The technique is based on two basic steps:
- We will use a Levels adjustment layer for which we decrease the Gamma setting to darken the image.
- We will create a layer mask for the Levels layer such that the darkening effect is only applied to the halo regions and that there are no visible seams in the final result.
- Create a Levels adjustment layer and set the gamma setting of this layer to about 0.8 (darker than normal). This new adjustment layer will have a default (white) layer mask. Click on this layer mask and press “Ctrl-I” on your keyboard to invert it. The mask will now be black.
- Select the region that contains the halos. In our case, this is the sky. Selecting this region can be arbitrarily complex. I will not go into the details here since there is a section in this cookbook about making complex selections. For now, I assume that you have made the selection.
- Press the Alt key and click on the inverted mask of the Levels adjustment layer. This will display the black mask on the screen with the active selection.

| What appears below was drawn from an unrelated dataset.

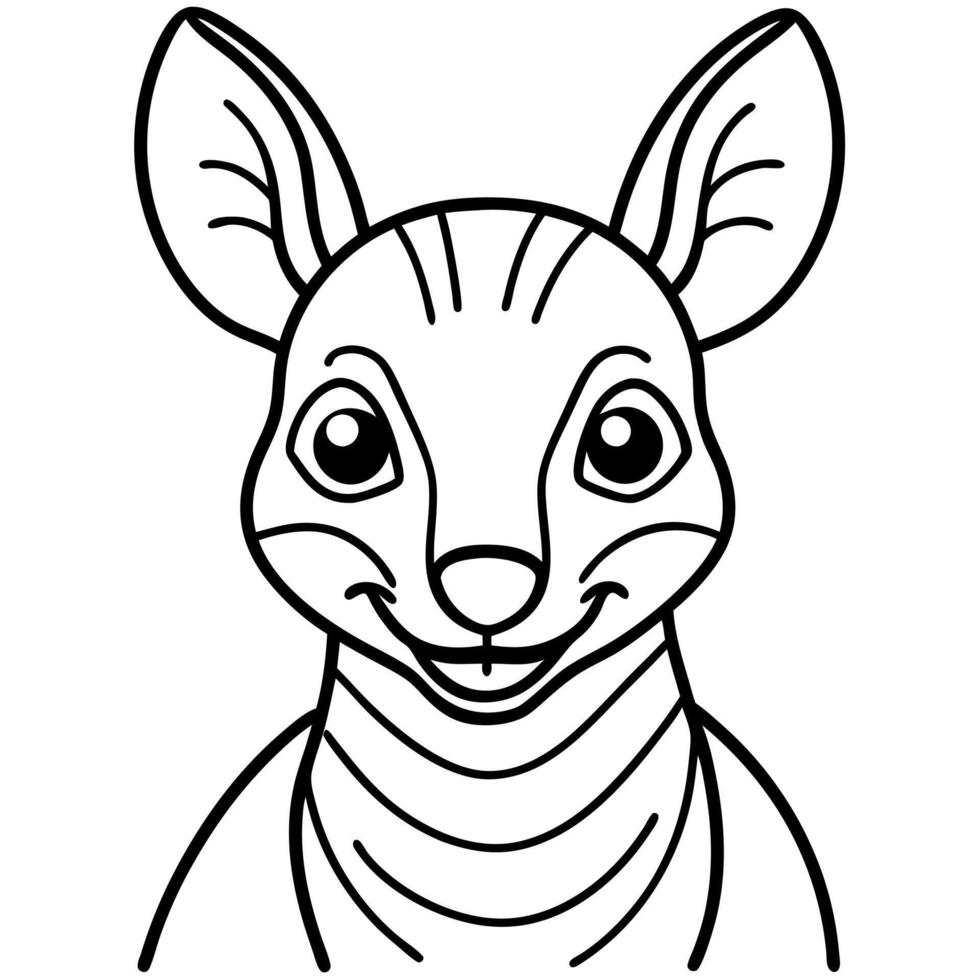 Chevrotain rodent smiles icon vector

- We will now start painting on the selection border with a white brush. The brush will only apply to the selected area, i.e. the sky. Thus non of the area below the selection border will be affected. Choose the brush tool by pressing “b” on you keyboard. Choose a brush with about 300-400 pixels diameter and a hardness of 0%. Start painting right along the selection border. The middle of the brush should be on the selection border. The result will look like this:
If you Alt-click on the mask of the Levels adjustment layer again, the normal image view will be displayed again. By clicking on the eye icon next to the layer, you can switch it off and on again to see the effect in the image. The halo has already been reduced but probably not as seamless as you would like.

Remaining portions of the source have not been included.